Jewellery? Where was it anyway? Not to be found. I was going to have to be grateful to be wearing clothes let alone make up and jewellery. Not one person was going to be impressed by my appearance that day!
But, none of these things compared to the moment, on the way back from the Motel disaster site, when I reached over into the back seat to take comfort in our ‘gourmet’ chicken sandwiches (we were hungry as it was lunchtime) and opened the lid of the sandwich container.
Perhaps I was in shock because what I saw in the container did not resemble sandwiches. No, in fact I had come face to face with something alien and it took a few seconds for my brain to compute. There in the long container were:
TWO ROWS OF BUTTON MUSHROOMS ALL LINED UP LIKE SOLDIERS ON THEIR FEET, STARING AT ME WITH BLANK FACES!
I gasped. ‘What’s this?!’ I said out loud. Because Geoff was driving through the cyclone, he couldn’t take his eyes off the road but I was in such hysterics I couldn’t tell him what I had found. He just kept driving wondering what was going on.
We had packed the wrong container! The ‘gourmet’ chicken sandwiches were still at home in the fridge. The mushrooms, in exactly the same container, were in my hot little hand!
At this point, tears poured down my face – tears of laughter that is. The whole thing was so ridiculous that there was nothing else to do but laugh. Geoff just shook his head whilst I laughed and cried. Eventually, I got out the words he needed to hear. Oh, how disappointing. Wouldn’t anything go right with this Hervey Bay. It was becoming a repeat of our Wedding Night Fiasco (see my blog The Wedding Night Fiasco).
Well, the funeral went well if you consider these things: no electricity meant the body could not be cremated, no nice music to play and no hot tea or coffee afterwards in the function room. Despite all this, some things were going well.
Geoff, who had had a strained relationship with a family member for many years had literally bumped into him beforehand when coming from the disabled toilet cum change room, and had put out his hand in a firm handshake and said, “Hello … and how are you going?” Finally, a reconciliation!
Also, due to distance we had not spent much time together with Geoff’s family in almost 12 years and so the time we spent with them was wonderful as so many in the family also met for the first time in years, shared the afternoon together at Shirley’s house with the fireplace crackling whilst the wind howled and the rain poured down outside. It was truly a special time.
Two large tables of family shared dinner that night – both families intermingling at the Burrum Heads Tavern in the middle of nowhere but who cared? On Saturday morning there was more hugging and kissing as goodbyes were said and promises of keeping in touch made.
Do you know, I am so grateful for this special time. And do you know what? We did get to our Motel eventually when the line was cleared. I am not sure what those girls were talking about but there was nothing wrong with the Motel.
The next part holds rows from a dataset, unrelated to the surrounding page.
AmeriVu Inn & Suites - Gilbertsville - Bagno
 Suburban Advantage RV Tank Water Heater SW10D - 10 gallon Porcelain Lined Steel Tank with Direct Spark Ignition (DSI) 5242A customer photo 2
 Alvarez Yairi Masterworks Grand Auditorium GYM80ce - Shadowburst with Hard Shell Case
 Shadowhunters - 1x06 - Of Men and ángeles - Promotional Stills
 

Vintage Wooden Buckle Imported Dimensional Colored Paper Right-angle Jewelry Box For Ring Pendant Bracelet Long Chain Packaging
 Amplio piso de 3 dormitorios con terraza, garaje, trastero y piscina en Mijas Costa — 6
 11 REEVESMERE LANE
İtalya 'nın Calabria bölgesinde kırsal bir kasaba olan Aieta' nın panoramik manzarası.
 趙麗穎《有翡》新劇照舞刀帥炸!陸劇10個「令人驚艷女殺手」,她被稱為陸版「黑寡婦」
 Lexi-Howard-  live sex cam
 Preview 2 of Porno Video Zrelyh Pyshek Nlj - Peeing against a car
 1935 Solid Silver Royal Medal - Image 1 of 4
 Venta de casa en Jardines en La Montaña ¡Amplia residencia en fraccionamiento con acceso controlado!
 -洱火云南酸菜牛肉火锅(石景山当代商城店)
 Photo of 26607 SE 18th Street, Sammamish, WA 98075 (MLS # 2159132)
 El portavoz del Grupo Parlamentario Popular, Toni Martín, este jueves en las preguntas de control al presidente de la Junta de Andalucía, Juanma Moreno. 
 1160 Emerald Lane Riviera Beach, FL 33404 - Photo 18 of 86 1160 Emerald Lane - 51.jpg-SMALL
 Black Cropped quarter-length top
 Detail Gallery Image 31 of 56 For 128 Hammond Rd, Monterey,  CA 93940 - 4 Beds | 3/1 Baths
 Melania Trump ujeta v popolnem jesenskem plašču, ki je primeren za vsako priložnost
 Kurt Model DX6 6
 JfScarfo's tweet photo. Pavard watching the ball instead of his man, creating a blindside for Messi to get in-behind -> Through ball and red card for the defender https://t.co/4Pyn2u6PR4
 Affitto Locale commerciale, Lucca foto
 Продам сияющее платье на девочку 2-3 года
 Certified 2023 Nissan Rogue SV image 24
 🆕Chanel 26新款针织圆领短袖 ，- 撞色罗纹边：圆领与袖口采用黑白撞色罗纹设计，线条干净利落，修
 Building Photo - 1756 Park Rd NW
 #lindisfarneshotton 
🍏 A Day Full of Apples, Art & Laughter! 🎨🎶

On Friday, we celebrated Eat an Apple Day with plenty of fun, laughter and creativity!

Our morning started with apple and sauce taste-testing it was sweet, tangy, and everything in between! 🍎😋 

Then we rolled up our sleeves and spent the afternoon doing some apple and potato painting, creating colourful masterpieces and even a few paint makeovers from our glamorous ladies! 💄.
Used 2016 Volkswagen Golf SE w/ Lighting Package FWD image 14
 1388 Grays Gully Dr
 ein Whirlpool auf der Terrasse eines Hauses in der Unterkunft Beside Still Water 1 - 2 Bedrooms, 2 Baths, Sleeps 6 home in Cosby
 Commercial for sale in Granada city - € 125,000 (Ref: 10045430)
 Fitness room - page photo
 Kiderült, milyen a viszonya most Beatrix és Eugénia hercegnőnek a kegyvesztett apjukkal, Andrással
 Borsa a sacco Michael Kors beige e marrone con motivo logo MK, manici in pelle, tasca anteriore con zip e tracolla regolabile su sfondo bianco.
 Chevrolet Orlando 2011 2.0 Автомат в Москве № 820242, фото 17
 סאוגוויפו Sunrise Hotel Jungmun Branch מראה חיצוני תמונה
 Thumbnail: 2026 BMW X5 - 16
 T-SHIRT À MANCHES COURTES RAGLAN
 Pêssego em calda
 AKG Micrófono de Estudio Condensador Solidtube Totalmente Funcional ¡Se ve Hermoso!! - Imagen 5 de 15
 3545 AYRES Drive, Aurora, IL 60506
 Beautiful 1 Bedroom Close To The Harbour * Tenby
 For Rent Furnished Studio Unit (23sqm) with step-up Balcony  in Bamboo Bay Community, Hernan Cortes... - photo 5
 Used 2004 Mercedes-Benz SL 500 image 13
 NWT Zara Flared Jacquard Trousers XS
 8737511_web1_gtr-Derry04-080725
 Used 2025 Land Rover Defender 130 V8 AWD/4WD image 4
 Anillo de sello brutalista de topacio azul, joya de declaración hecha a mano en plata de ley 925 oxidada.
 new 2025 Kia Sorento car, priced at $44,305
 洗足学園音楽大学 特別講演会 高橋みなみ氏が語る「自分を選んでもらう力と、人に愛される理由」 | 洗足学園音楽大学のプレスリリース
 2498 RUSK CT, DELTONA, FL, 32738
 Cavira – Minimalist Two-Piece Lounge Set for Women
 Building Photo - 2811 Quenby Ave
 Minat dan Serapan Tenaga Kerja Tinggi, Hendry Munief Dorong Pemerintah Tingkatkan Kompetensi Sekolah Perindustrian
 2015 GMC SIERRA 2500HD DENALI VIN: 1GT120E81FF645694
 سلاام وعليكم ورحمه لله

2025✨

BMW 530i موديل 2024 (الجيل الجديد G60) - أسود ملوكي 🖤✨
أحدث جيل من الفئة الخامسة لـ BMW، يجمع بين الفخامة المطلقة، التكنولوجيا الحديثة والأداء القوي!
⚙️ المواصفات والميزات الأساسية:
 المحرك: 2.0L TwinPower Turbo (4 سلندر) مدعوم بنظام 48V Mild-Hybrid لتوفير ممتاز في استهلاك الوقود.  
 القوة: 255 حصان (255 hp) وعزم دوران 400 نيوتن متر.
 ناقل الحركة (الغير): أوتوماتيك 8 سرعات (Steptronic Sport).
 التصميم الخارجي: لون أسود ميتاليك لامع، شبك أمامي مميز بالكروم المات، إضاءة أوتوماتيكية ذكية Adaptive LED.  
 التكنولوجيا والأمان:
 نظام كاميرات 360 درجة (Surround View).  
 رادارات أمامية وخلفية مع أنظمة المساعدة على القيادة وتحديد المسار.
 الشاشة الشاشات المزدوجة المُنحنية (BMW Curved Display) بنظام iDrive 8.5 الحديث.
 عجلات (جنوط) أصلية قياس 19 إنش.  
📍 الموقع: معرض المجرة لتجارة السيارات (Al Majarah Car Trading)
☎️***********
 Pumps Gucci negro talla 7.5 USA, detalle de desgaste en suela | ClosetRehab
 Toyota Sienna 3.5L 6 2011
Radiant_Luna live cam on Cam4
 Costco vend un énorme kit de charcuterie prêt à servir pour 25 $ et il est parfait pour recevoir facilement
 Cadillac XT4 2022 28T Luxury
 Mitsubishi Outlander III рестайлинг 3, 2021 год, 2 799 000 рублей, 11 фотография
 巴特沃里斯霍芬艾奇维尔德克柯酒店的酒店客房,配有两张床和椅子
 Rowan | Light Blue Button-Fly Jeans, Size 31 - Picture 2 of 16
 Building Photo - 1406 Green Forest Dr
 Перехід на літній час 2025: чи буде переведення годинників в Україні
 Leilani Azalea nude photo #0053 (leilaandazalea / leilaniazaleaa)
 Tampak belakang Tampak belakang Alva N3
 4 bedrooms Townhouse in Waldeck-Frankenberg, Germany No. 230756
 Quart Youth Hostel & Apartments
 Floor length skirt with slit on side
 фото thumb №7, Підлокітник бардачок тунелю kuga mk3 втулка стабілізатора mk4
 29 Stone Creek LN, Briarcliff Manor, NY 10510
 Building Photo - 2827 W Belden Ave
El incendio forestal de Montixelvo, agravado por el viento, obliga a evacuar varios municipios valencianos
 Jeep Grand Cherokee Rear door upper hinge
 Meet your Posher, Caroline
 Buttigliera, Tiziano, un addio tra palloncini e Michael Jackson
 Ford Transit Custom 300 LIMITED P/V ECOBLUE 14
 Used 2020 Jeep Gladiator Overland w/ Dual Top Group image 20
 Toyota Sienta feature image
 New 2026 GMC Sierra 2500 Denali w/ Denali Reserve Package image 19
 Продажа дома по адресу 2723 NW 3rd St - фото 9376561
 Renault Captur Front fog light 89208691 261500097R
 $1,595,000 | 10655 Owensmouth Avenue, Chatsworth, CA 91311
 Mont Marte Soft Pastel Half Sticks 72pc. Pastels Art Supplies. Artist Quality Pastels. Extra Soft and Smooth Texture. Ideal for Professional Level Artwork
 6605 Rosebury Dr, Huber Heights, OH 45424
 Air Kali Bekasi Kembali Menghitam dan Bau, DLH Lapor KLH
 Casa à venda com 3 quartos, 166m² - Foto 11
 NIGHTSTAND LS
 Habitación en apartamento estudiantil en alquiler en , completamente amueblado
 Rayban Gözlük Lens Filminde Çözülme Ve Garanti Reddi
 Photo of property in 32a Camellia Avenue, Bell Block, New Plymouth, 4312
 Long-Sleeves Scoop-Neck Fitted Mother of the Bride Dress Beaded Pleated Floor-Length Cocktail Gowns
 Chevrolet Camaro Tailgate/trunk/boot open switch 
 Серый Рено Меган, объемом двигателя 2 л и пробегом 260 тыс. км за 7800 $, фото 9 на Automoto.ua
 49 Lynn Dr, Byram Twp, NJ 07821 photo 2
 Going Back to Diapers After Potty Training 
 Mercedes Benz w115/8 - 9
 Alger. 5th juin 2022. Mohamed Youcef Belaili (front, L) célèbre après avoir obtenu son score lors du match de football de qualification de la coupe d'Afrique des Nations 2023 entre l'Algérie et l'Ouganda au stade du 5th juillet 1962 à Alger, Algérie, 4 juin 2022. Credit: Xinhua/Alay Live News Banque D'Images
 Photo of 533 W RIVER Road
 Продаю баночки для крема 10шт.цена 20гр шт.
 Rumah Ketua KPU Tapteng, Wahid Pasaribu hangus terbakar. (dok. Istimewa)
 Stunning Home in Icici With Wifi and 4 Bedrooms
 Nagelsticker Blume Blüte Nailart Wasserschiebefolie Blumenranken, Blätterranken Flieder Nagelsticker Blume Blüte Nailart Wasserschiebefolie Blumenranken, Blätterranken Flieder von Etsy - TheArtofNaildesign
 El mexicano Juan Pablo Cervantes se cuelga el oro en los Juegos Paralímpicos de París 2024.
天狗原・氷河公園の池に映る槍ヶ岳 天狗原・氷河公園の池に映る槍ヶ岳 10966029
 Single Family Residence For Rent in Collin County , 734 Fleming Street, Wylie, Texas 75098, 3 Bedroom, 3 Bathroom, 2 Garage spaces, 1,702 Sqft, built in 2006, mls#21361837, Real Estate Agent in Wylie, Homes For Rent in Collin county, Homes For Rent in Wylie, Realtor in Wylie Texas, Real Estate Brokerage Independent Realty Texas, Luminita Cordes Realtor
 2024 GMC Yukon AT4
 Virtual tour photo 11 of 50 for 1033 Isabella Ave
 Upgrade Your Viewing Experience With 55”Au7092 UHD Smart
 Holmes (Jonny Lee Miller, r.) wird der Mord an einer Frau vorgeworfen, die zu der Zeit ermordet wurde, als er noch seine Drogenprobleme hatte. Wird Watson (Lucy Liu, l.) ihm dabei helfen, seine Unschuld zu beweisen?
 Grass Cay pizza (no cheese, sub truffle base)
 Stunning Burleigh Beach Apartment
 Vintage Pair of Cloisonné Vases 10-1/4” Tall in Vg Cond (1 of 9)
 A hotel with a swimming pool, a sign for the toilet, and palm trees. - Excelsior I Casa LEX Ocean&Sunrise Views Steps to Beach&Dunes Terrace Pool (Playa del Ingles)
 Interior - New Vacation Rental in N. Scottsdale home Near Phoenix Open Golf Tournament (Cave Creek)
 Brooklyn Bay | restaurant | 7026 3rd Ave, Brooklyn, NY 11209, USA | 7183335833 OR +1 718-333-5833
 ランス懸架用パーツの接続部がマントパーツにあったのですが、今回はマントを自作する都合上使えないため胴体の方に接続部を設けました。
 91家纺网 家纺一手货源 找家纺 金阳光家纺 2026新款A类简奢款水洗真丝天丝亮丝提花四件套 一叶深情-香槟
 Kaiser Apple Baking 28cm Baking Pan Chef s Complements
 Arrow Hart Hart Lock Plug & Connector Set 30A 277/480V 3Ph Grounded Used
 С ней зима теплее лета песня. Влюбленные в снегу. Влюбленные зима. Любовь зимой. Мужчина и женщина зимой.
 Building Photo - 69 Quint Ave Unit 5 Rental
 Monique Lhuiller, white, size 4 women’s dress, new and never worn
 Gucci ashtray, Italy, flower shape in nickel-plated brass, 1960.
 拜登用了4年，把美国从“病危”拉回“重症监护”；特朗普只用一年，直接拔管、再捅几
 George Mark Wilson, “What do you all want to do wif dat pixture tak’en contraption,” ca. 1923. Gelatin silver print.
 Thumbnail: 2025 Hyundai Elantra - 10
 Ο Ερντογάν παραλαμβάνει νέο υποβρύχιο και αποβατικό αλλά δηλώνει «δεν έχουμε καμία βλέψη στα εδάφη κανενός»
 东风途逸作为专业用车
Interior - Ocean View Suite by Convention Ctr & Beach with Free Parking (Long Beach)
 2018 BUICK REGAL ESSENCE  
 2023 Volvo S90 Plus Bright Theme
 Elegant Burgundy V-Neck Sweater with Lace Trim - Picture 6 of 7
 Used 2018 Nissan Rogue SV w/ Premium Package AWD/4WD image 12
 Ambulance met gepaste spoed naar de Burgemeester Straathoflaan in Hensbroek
Being at our “honeymoon hotel” had enabled me to be grateful for 36 years of marriage to this man that I had chosen.
I thought of all our tough times and as we reminisced about our honeymoon together, I became aware that God had indeed given me the ‘right’ person but lately I was struggling to know this truth. We had both changed and grown so much.
And as I write, there are tears in my eyes because I realise that I needed to know that we have come through the fire and we are okay. Coming to this place of our honeymoon had reminded us of the need to persevere in our marriage when things get tough.
Also, all that trying to impress the people I had not seen for some time was no longer important. The important things are family and taking the time, despite cyclones and mushrooms instead of sandwiches, to be together on a sad occasion.
Sharing this tale has shown me just what a special time it can be when a loved one passes away, for mingled with the sadness God often brings joy.”